Hasan menilai kepemimpinan pimpinan DPD yang otoriter hanya untuk kepentingan pribadi.
"Kita selama dua tahun ini sudah cukup diam dengan kepemimpinan yang cukup otoriter dipaksakan hanya untuk kepentingan pribadi pimpinan DPD RI," kata Hasan saat jumpa pers di Pulau Dua Resto, Senayan, Jakarta, Selasa (16/7)
"Puncaknya memang pada sidang paripurna. Ada kesewenang-wenangan pimpinan merancang tata tertib yang mereka rancang dan susun sendiri,” sambungnya.
Hasan menjelaskan bahwa perubahan tata tertib dilakukan tanpa prosedur yang benar, serupa dengan alasan kekalahan omnibus law di Mahkamah Konstitusi.
Ia menyoroti tata tertib yang digunakan adalah Tata Tertib Nomor 1 Tahun 2022 yang berdasarkan sub wilayah, tetapi pimpinan DPD RI berusaha mengubahnya dengan membentuk Tim Kerja (Timja).

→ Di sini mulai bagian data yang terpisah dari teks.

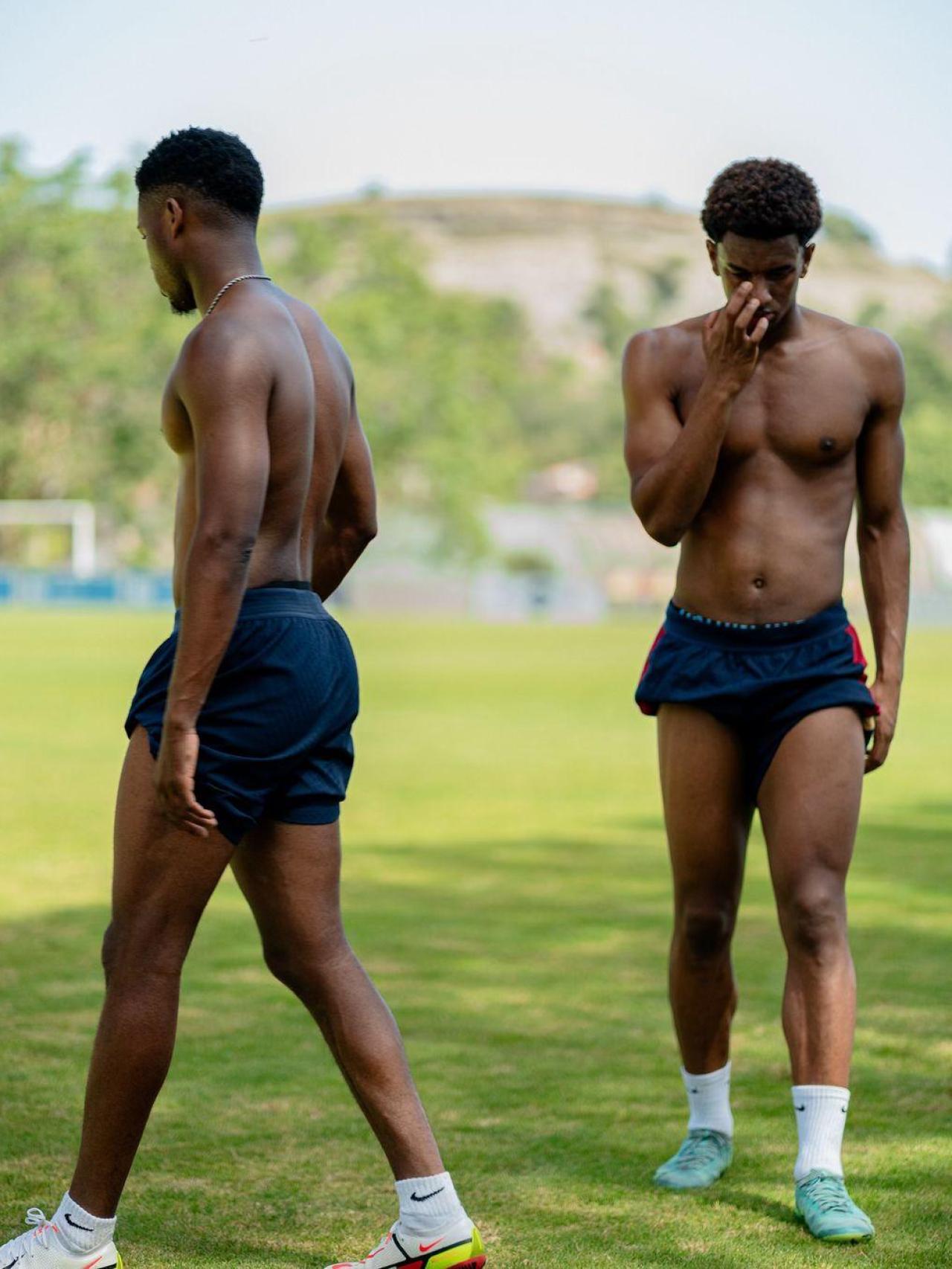 Alejandro Balde y Ansu Fati entrenan juntos antes de la pretemporada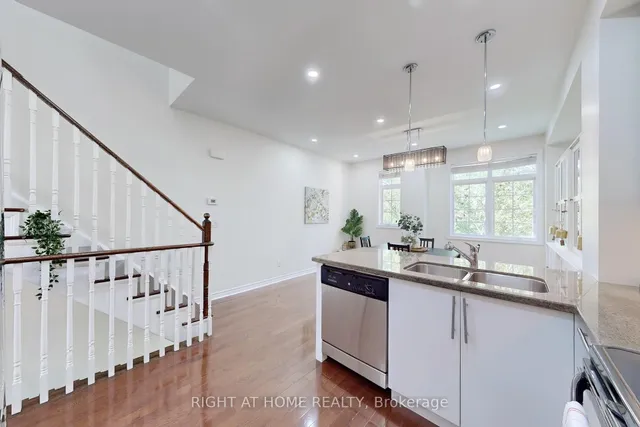 Additional image 8 of 2359 Lepage Common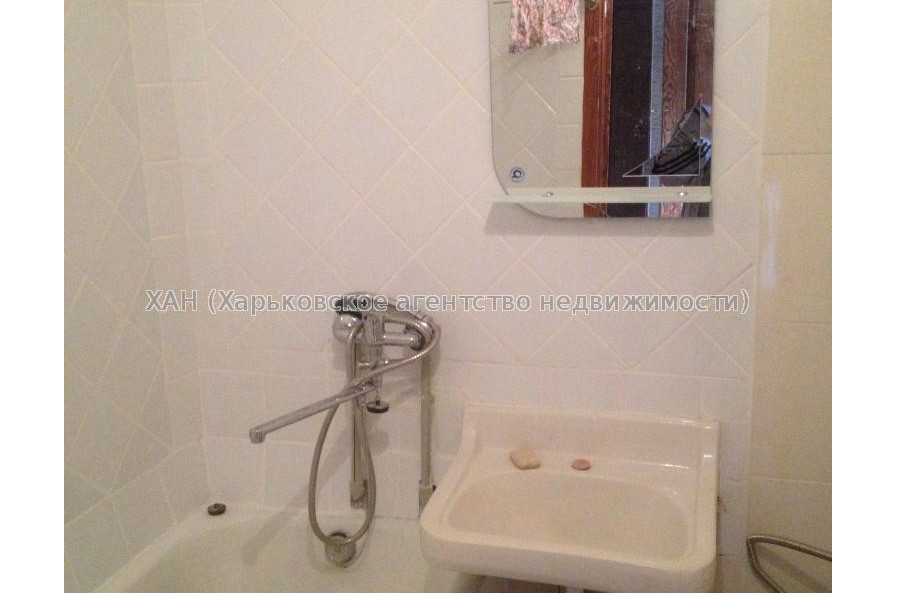 Сдам квартиру, Непокоренных ул. , 2  ком., 45 м², косметический ремонт 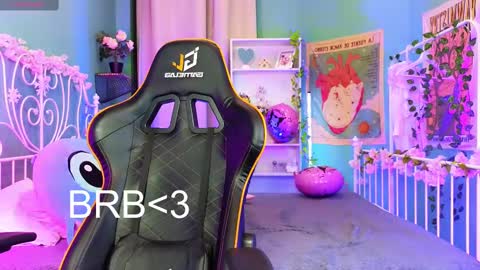 Snapshot of mizukinoyoru chatting on 02-22-25, 12:05 Mizuki online show from 02-22-25, 12:05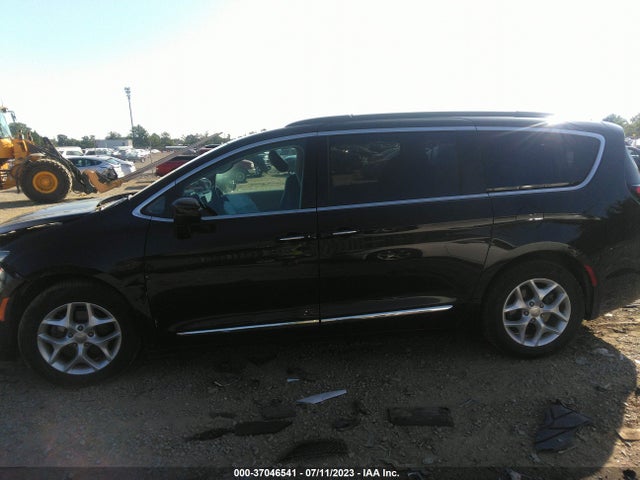 2C4RC1BG5HR809946 Chrysler Pacifica Touring-l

"Dalam sidang paripurna Timja tidak berhak menyampaikan sesuatu itu sendiri. Kata mereka perubahannya 3-5 persen, itu berbahaya," kata Hasan.
Sebab, kata Hasan, menghilangkan hak-hak anggota yang baru atau bahkan seluruh anggota.
"Menghilangkan hak-hak daripada anggota itu persoalan serius,” kata Hasan.
“Yang lebih lucu lagi pemimpinan MPR, hanya dipilih 21 orang. Ini dugaan kita setelah mereka melakukan deklarasi mereka membuat aturan-aturan yang menguntungkan calon pimpinan yang sekarang mereka usung," sambungnya.